(or, Using Mnemonic Atoms in Symbolic Naming)

by Ron Gutman

Computer Language magazine, October 1984

Assembly languages and high-level programming languages free us from using numbers to tell our computing machines what to do. These languages also require us to devise many names -- for variables and subroutines, for instance -- ourselves. We typically choose mnemonic names derived from our human languages so that the names remind us of the activities they stand for.

Programmers appreciate this freedom to devise names to their own liking. But the freedom can be a burdensome responsibility, especially when writing a large program that contains hundreds or even thousands of user-defined names or symbols. How does a programmer select symbolic names that describe the objects to which the names are given?

Before inventing the technique this article describes, I struggled to choose names in a consistent fashion so that I could subsequently recognize the names and the objects they referred to. This took a lot of programming time, and the results were not the best. Often I would end up with the same name for two different things. Other times I could not recognize the name or mistook it for something else. Could I expect anybody else to understand the names I chose?

Contributing to the problem, the assembler I used allowed only six characters to form each symbolic name. A limitation that severe is not uncommon in assembly languages and comparably severe limitations exist in some compilers for high-level languages.

How does a programmer describe an object in six characters? I often felt that I needed six words. It doesn't help much that the assembler or compiler allows you to tag on extra characters beyond those it uses to distinguish one symbolic name from another. You still have to insure that each name you choose is distinguished from all others in the program you are writing.

My story does have a happy ending, though. I overcame the problem by inventing a technique using "mnemonic atoms," as I call them.

If readers find themselves in a situation similar to mine -- having to write a large program containing a lot of somewhat abbreviated symbolic names -- the technique I will describe may be invaluable to their projects. This is particularly the case if readers use assembly language because its programs can have large numbers of symbol definitions. There are fewer facilities (like GOTO-less control structures) that help avoid the use of symbols. My technique would also be useful where storage limitations demand a terse source code. Since mnemonic atoms provide a degree of documentation, they can reduce the need for comments in the code.

Of course, one solution to the problem is to use programming systems that are less restrictive with regard to user-defined symbols. COBOL programmers can use -- and usually do use -- long-winded names like "monthly-income-average". A COBOL programmer can select a few words of English or computer jargon that describe the thing he or she is naming and put them together with hyphens.

When a programmer is limited to six characters, he or she will do the same thing but will abbreviate each word and omit the hyphens.

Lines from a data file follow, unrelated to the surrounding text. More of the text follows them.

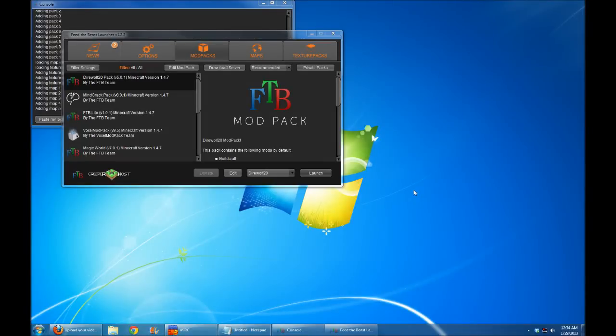Hello everyone, this is Direwolf20 with a quick note about the Direwolf20 pack version 5. The latest version of the Direwolf20 pack has added a new mod.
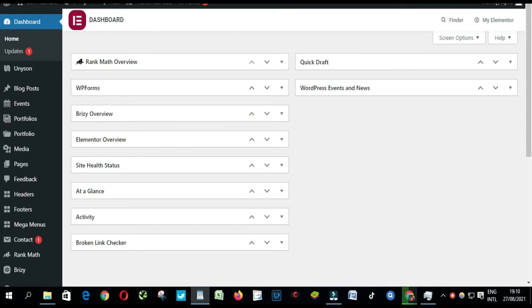In this video, I will teach you how to set portfolio pages to Noindex with the Rank Math SEO plugin in one click, but the same principles apply to pages, products, custom post types, and taxonomies.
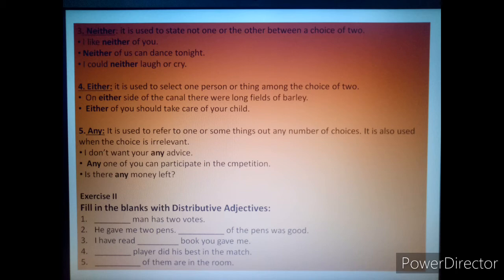Number four — 'either'. It is used to select one person or thing among a choice of two. For example: 'On either side of the candle there were long fields of barley.' 'Either of you should take care of your child.'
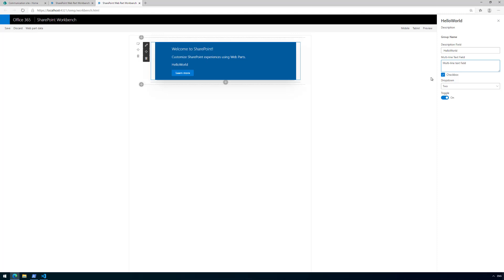It's quite simple to modify and change the experience, and you can definitely take advantage of these property pane controls. You can even build your own custom property pane controls, and there are open-source community property pane controls already available to further enhance the configuration experience. That's it for tutorial number 1 — Hello World Part 1. In the next tutorial we'll start using the SharePoint REST APIs together with this web part to get information from the SharePoint site where the web part is hosted.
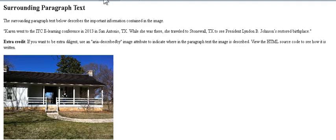So I'm going to do that — I'm going to use the JAWS key, which is the insert key, and then ALT plus R to take the screen reader to the paragraph that describes the image. Quote: Karen went to the ITCE-Learning Conference in 2013 in San Antonio, TX. While she was there, she traveled to Stonewall, TX to see President Lyndon B. Johnson's restored birthplace. End quote. So that's pretty cool, huh? And really helpful if you have a really dense article with a lot of information.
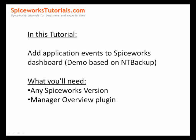Hello everyone and welcome to Spiceworks tutorials. In this tutorial we're going to see how we can add application events to Spiceworks dashboard.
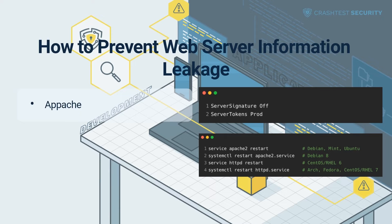Or at httpd.conf for Arch, Fedora, CentOS, and RHEL. Depending on the server configuration, there might also be additional configuration files that take care of security configuration, such as /etc/apache2/conf-enabled/security.conf.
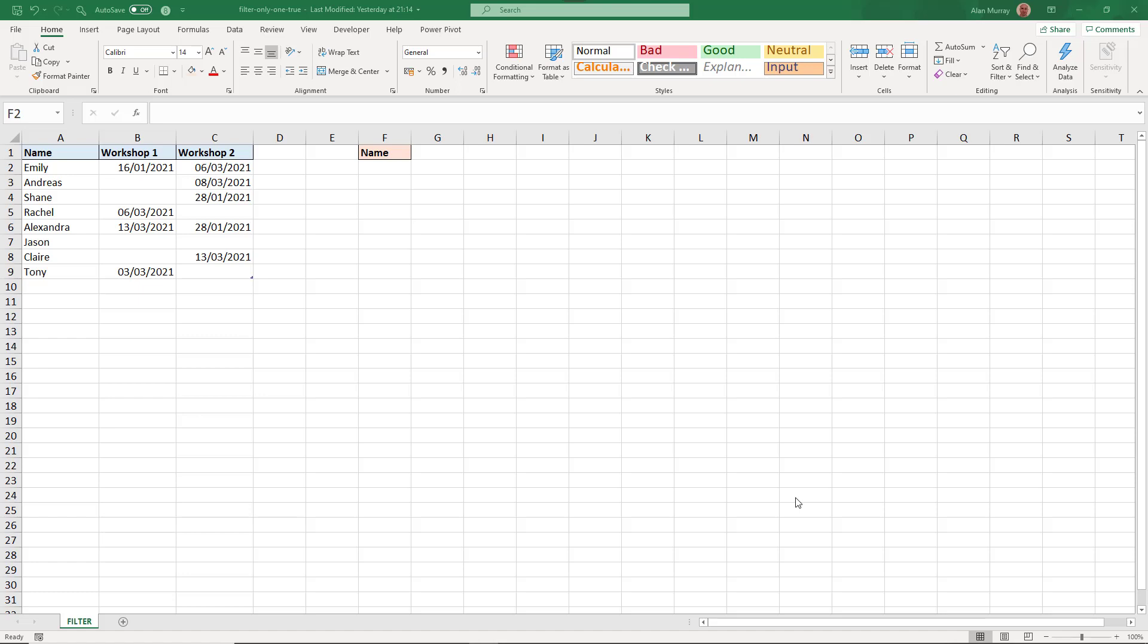Hello and welcome to this video where we will use the filter function of Excel to return results where only one condition is met and it must only be the one condition.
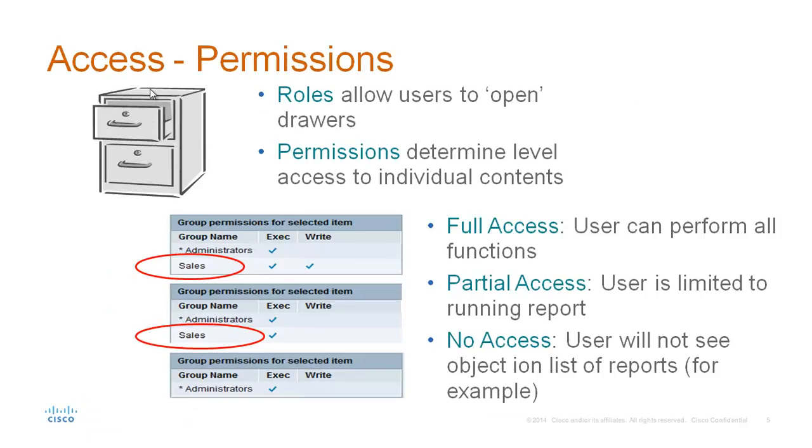Note that while roles are required to allow users access to a particular drawer, permissions determine the level of access to individual content. Three levels of permissions are assigned. Full access where users can perform all functions, partial access where a user is limited to running or viewing the report only, and no access where a user will not see any object on that list of reports for example.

So instead of "monthly-income-average" the programmer might use MOINCA. Or, perhaps unsatisfied with such short abbreviations, the programmer might choose to leave out one of the components, arriving at MOINCO for "monthly-income". MO seems like an adequate abbreviation for "month" because it is generally accepted as such, but INCO is more recognizable as "income" than INC, which could be confused for other words such as "increment".

Now let's pretend we are browsing through a source listing and see how we do at recognizing some abbreviations. We see a reference to a subroutine called SRTBL. That could be an abbreviation for "search-table". Or is it "sort-block"? Of course, the context or the comments will tell us, but recognition does not come quickly.

Suppose SRTBL searches a table that contains names and phone numbers for a given name, and suppose we find that we also need the capability to search the table for a given phone number. So we write a new routine that we will call SRTBLP to search by phone number (P for "phone"). The existing routine we rename SRTBLN to make it clear that it searches by name (N for "name").

Later we find that we want to sort the table and print it out either in alphabetical order by name or numerical order by phone. If SRT is our abbreviation for "sort", then we ought to call our new routines SRTTBLN and SRTTBLP. But now our assembler, which only recognizes six characters of each name, considers these two names to be identical or just plain illegal. We can't use SR for "sort" because we have already used the names SRTBLN and SRTBLP for our search routines. We finally settle on SRTTBN and SRTTBP, using TB for "table". Having two abbreviations for "table" is a little disconcerting, however. Maybe we should rename our other routines to use the new abbreviation for "table".

Some fiddling around would yield more solutions -- each requiring some kind of compromise -- but the reader may now have a feel for some of the problems involved in choosing names. After our efforts at solving this naming puzzle, how well will our solution serve us? Will we be able to recognize SRTBLN and SRTTBN and be able to say readily which is which? How about a month from now, when we might have to modify the program?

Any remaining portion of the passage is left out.